*EXERCISE PROMPT*
All of the entries must be reproduced exactly, with no images carried over.

---------- DATA LISTING

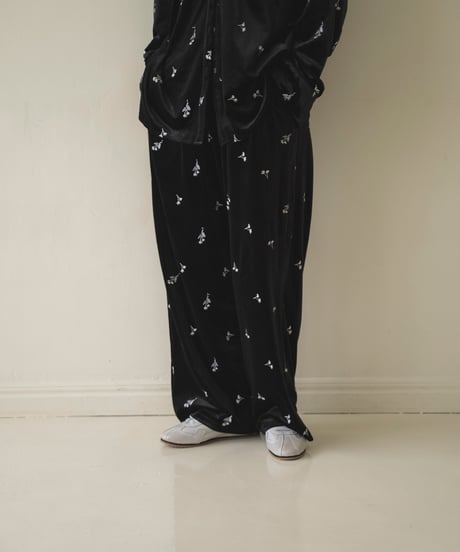 embroidered velour rough pants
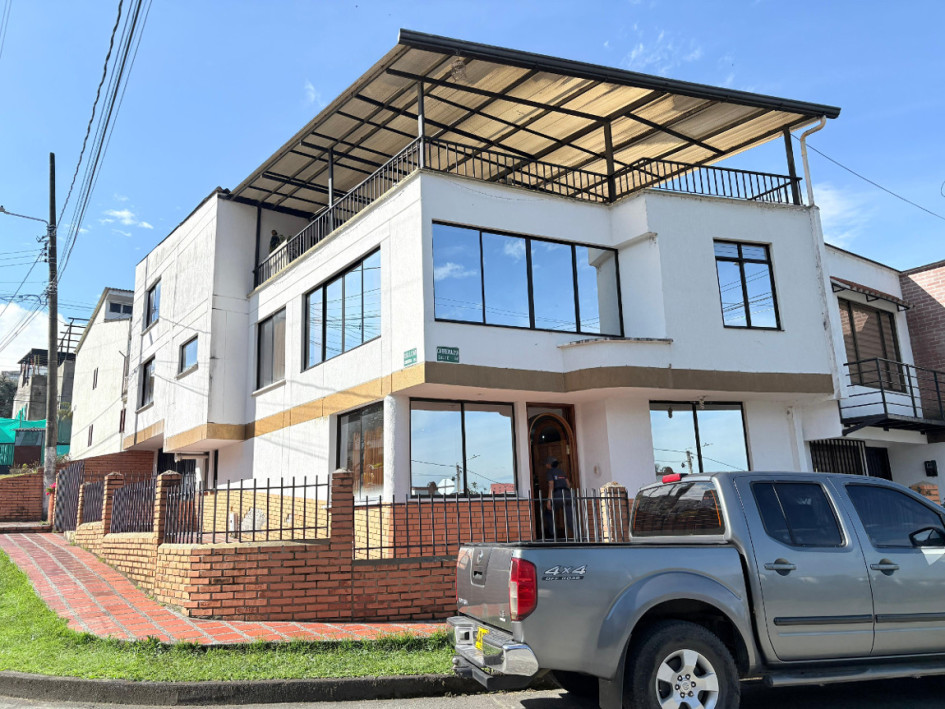 Investigadores de la Fiscalía, el CTI y el Ejército llevaron a cabo allanamientos, incluido uno en la vivienda del supuesto líder de la banda.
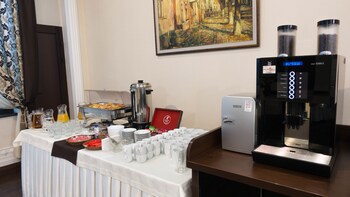 Regency Hotel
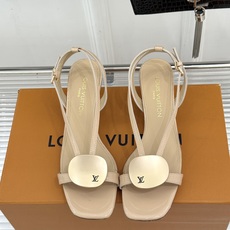 L*V驴家26WF新品金属扣方头高跟凉鞋方头凉鞋自带复古质感金属锁扣镌刻品牌印记细腻软润牛皮亲肤透气高跟 L*V驴家26WF新品金属扣方头高跟凉鞋方头凉鞋自带复古质感金属锁扣镌刻品牌印记细腻软润牛皮亲肤透气高跟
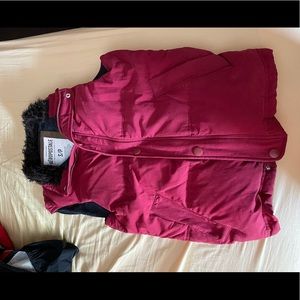 Red Men’s Aeropostale Vest (S/P)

--------------------

*RESPONSE TO THE EXERCISE*
 embroidered velour rough pants
 Investigadores de la Fiscalía, el CTI y el Ejército llevaron a cabo allanamientos, incluido uno en la vivienda del supuesto líder de la banda.
 Regency Hotel
 L*V驴家26WF新品金属扣方头高跟凉鞋方头凉鞋自带复古质感金属锁扣镌刻品牌印记细腻软润牛皮亲肤透气高跟 L*V驴家26WF新品金属扣方头高跟凉鞋方头凉鞋自带复古质感金属锁扣镌刻品牌印记细腻软润牛皮亲肤透气高跟
 Red Men’s Aeropostale Vest (S/P)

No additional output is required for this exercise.